Les évêques colombiens ont prié pour les victimes de la violence policière et ont exhorté les manifestants à ne pas se faire justice eux-mêmes, après une semaine chaotique au cours de laquelle 13 personnes ont été tuées lors de manifestations contre les violences policières dans ce pays d’Amérique du Sud.
Les manifestations ont éclaté après la diffusion sur les médias sociaux d’une vidéo montrant deux policiers de Bogota en train de plaquer un homme et de l’étouffer à l’aide de leurs genoux en le frappant à plusieurs reprises avec un pistolet à impulsion électrique, alors que des témoins demandaient aux policiers de s’arrêter.
Javier Ordoñez, 44 ans, est mort quelques heures après avoir été battu par les policiers. Des témoins ont déclaré que les policiers avaient attrapé Ordoñez, père de deux enfants, pour avoir bu dans la rue.
Le 9 septembre, des milliers de personnes se sont rassemblées autour des postes de police de la capitale colombienne pour organiser des manifestations pacifiques contre la violence policière. Mais certaines de ces manifestations se sont vite transformées en batailles de rue, où des jeunes hommes ont lancé des pierres et des cocktails Molotov sur les policiers, qui ont répondu par des gaz lacrymogènes et des balles réelles.

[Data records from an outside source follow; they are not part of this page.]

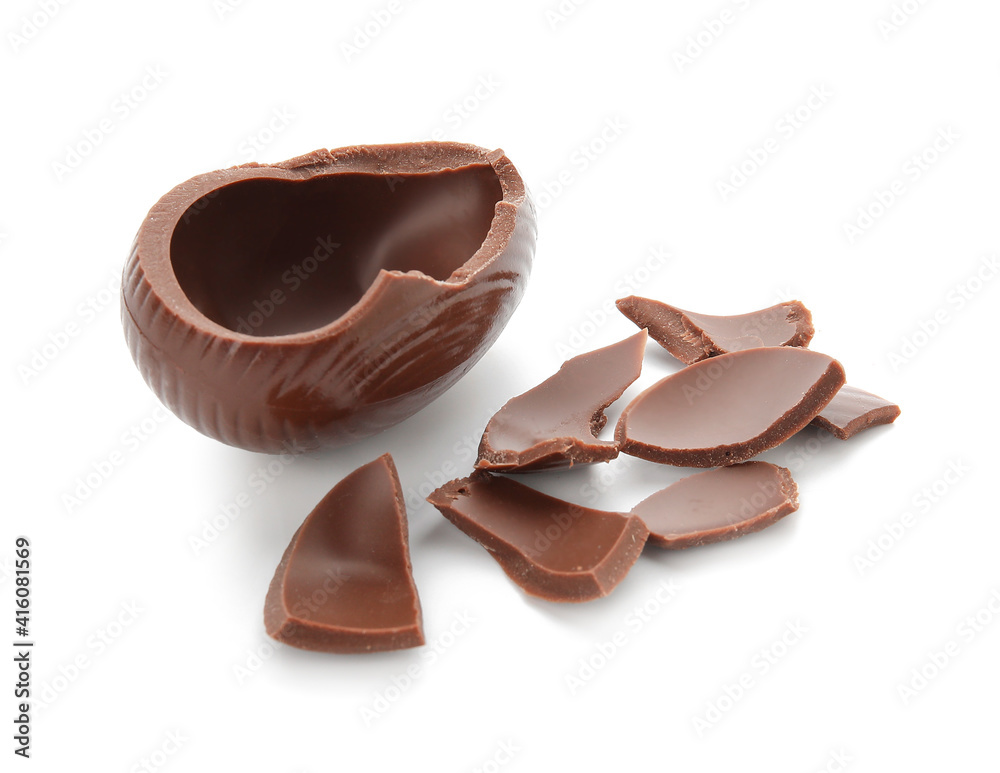 Broken chocolate Easter egg on white background Broken chocolate Easter egg on white background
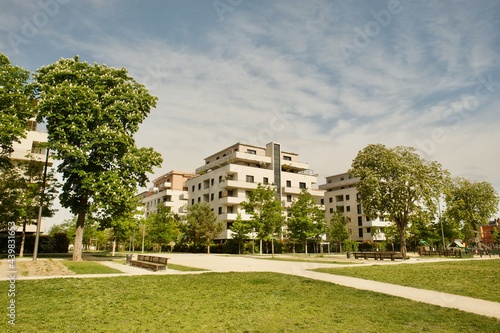modern residential buildings with a large park and playground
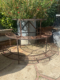 Un « Présentoir à Plantes 1960 VENDU » circulaire et rouillé est exposé à l'extérieur sur un patio en pierre, entouré de plantes vertes luxuriantes, dégageant une charmante ambiance vintage. Brocante 93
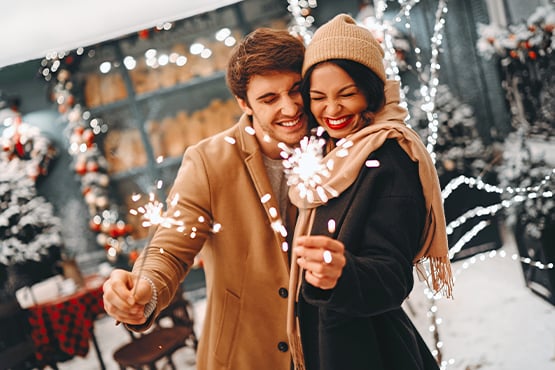 young couple enjoys celebrating healthy financial habits during the new year with sparklers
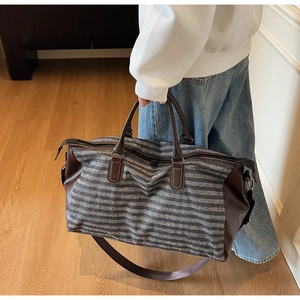Detail of grey striped travel duffel bag with brown leather handles and adjustable shoulder strap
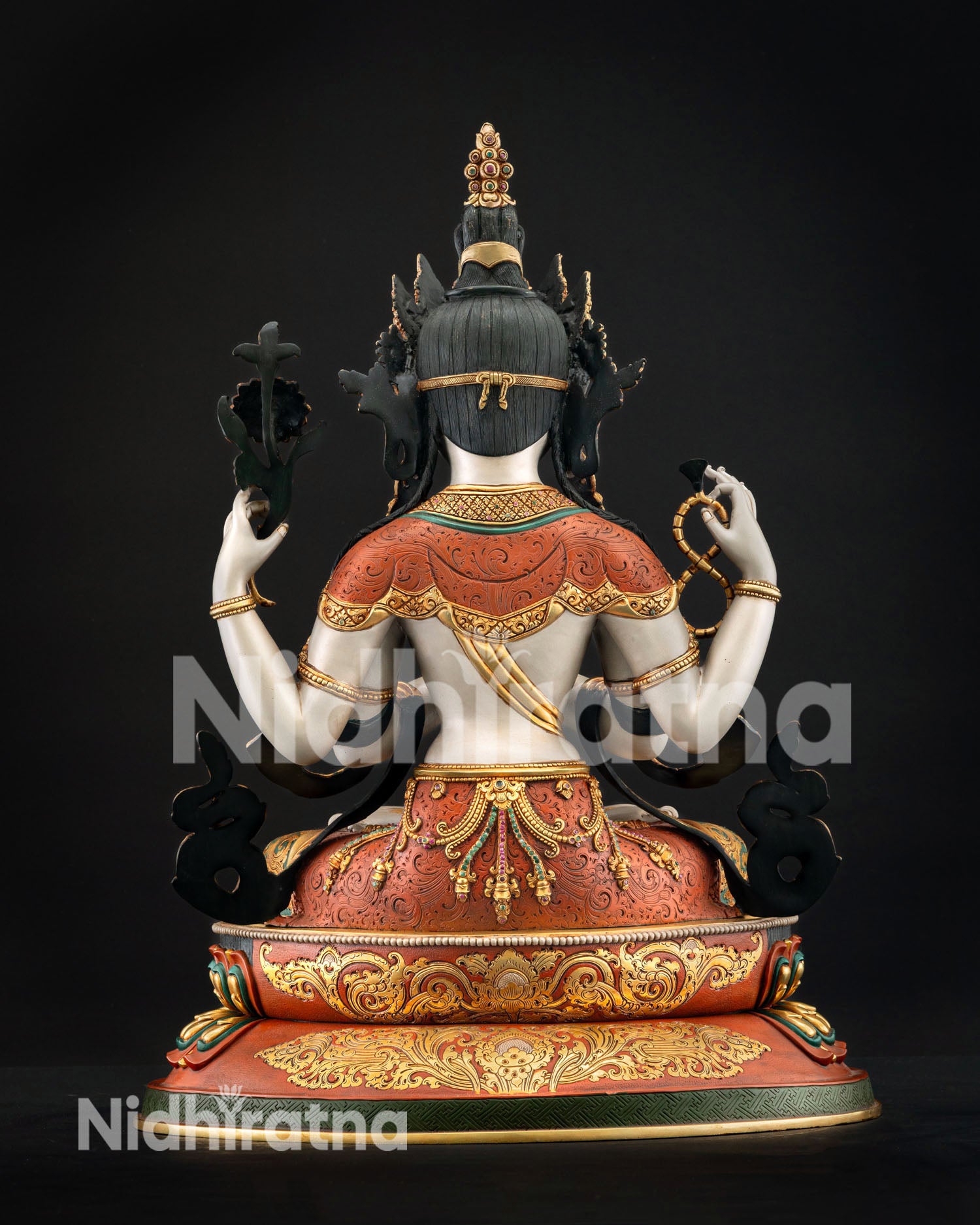 Back view handcrafted Chenrezig statue displaying detailed metalwork white body finish and traditional Himalayan artistry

Selon la mairie de Bogota, plus de 200 personnes ont été blessées au cours des trois nuits de manifestations, dont 72 civils blessés par balle. La mairesse Claudia López a décrit cette manifestation comme la pire violence de rue que la ville ait connue depuis trois décennies.
L’Église catholique a répondu le 12 septembre par une veillée de paix et de réconciliation au cours de laquelle l’archevêque de Bogota, Luis José Rueda Aparicio, a exhorté les habitants de la ville à «travailler en faveur de la paix» et à «se libérer» de la haine et de la rancune.
«Beaucoup de jeunes sont morts cette semaine», a déclaré l’archevêque Rueda. «Et cela nous fait nous demander si Bogota, si la Colombie offre aux jeunes des chances et de la culture. Si nous leur donnons l’espoir d’étudier, de travailler, de faire du sport.»
L’évêque militaire colombien, Fabio Suescun, a déclaré que les policiers qui ont battu Ordoñez n’avaient pas fait leur devoir et qu’ils devaient être punis. Cependant, a-t-il dit, la plupart des policiers du pays essaient de faire leur travail correctement, et il a demandé aux manifestants de faire preuve de retenue, affirmant que «les réactions violentes ne font qu’engendrer plus de violence».
Pendant les manifestations, environ un tiers des 150 postes de police de Bogota ont été vandalisés et plus de 20 ont été incendiés.
Appel à la retenue
Le président Iván Duque a appelé à la retenue et a présenté ses excuses pour la mort d’Ordoñez, tandis que son ministre de la Défense a laissé entendre que des groupes rebelles, dont l’Armée de libération nationale, avaient infiltré les manifestations et les avaient utilisées comme une occasion d’attaquer la police. L’année dernière, l’Armée de libération nationale a fait exploser une bombe dans une académie de police de Bogota, tuant 23 personnes.
Le 13 septembre, Mme López a organisé une cérémonie de réconciliation devant la cathédrale de la ville. Elle a personnellement présenté ses condoléances aux parents des personnes blessées ou tuées lors des manifestations.
La mairesse a déclaré que le gouvernement de la ville soutiendrait les familles qui déposent des plaintes contre la police, et elle a parlé de la nécessité de réformer la police nationale, afin que les officiers relèvent de la juridiction des tribunaux civils. Actuellement, en Colombie, les policiers sont jugés par des tribunaux militaires.
Le père jésuite Francisco de Roux, qui travaille depuis des décennies en faveur des victimes du conflit armé colombien, a également assisté à la cérémonie.
Le père de Roux, qui dirige maintenant une commission de vérité qui examine les crimes de guerre, a déclaré qu’il était temps «d’écouter les victimes et de partager leur douleur».
Mais il a appelé à une enquête approfondie sur la mort des 13 manifestants afin de découvrir qui a donné l’ordre à la police d’utiliser des balles réelles pendant les manifestations.
«Nous ne pouvons prendre des mesures de réconciliation que s’il y a la vérité et la justice», a déclaré le père de Roux. «Et s’il n’y a pas de réconciliation, il n’y aura pas d’avenir pour notre ville ou notre pays.»